Time to send it to the model:

AUDIO_B64=$(base64 -i /tmp/gemma4-12b-asr-polish/english-smoke-16k-mono.wav | tr -d '\n')

jq -n --arg audio "$AUDIO_B64" '{
  model: "gemma4:12b",
  stream: false,
  messages: [{
    role: "user",
    content: "Listen to the attached audio and write the exact English words spoken. Do not translate. Return only the English transcript.",
    images: [$audio]
  }]
}' | curl -sS http://127.0.0.1:11434/api/chat -H 'Content-Type: application/json' -d @- | jq '.message.content'

It printed the expected The quick brown fox jumps over the lazy dog..

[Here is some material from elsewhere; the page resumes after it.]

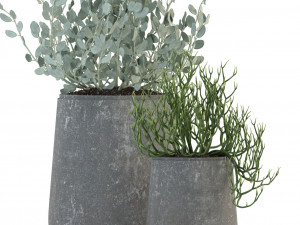 plants collection 82 garden life pots Modello 3D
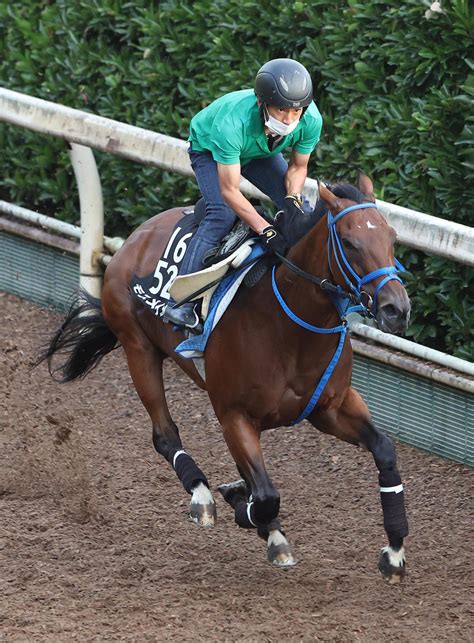 【スプリンターズs】モズメイメイ2週前追いは坂路53秒2、生野助手「状態はいい」 競馬写真ニュース 日刊スポーツ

Notice we’re using the images field to send the base64-encoded audio. As of the time of writing this, this is the only way to use multimodal inputs with Ollama. Neither audio nor input_audio is supported.

Now it’s time for the final test. This time, the fixture is the famous opening lines by Adam Mickiewicz:

Litwo, Ojczyzno moja! ty jesteś jak zdrowie;
Ile cię trzeba cenić, ten tylko się dowie,
Kto cię stracił. Dziś piękność twą w całej ozdobie
Widzę i opisuję, bo tęsknię po tobie.

sag produces a ~15-second clip out of it.

I had to disable thinking for this clip because the model could not stop after several minutes on my M2 MacBook Air.

AUDIO_B64=$(base64 -i /tmp/gemma4-12b-asr-polish/litwo-ojczyzno-moja-16k-mono.wav | tr -d '\n')

jq -n --arg audio "$AUDIO_B64" '{
  model: "gemma4:12b",
  stream: false,
  think: false,
  options: {
    num_ctx: 8192,
    num_predict: 1024
  },
  messages: [{
    role: "user",
    content: "Listen to the attached audio and write the exact Polish words spoken. Do not translate. Preserve Polish spelling, diacritics, capitalization, and punctuation. Return only the Polish transcript.",
    images: [$audio]
  }]
}' | curl -sS http://127.0.0.1:11434/api/chat -H 'Content-Type: application/json' -d @- | jq -r .message.content

Prints:

Litfoj czs no ma, ty jests jak zdrowie, i lecz trzeba cenić, ten tylko se dowje kto cz straciu. Dżisz pęngnost dwonw czalej ozdobie widze i opisuje. Bo tenskne potens nie potolisz.

:sadpanda:

I’m not even going to compute standard ASR metrics like WER/CER here because the output is plainly unusable.

Let me just leave Whisper here for comparison:

> whisper /tmp/gemma4-12b-asr-polish/litwo-ojczyzno-moja-16k-mono.wav \
    --model large-v3-turbo \
    --language Polish \
    --task transcribe \
    --output_format txt \
    --output_dir /tmp/gemma4-12b-asr-polish \
    2>/dev/null

[00:00.000 --> 00:03.660]  Litwo, ojczyzno moja, Ty jesteś jak zdrowie.
[00:04.340 --> 00:08.240]  Ile Cię trzeba cenić, ten tylko się dowie, kto Cię stracił.
[00:09.480 --> 00:14.960]  Dziś piękność Twą w całej ozdobie widzę i opisuję, bo tęsknię po Tobie.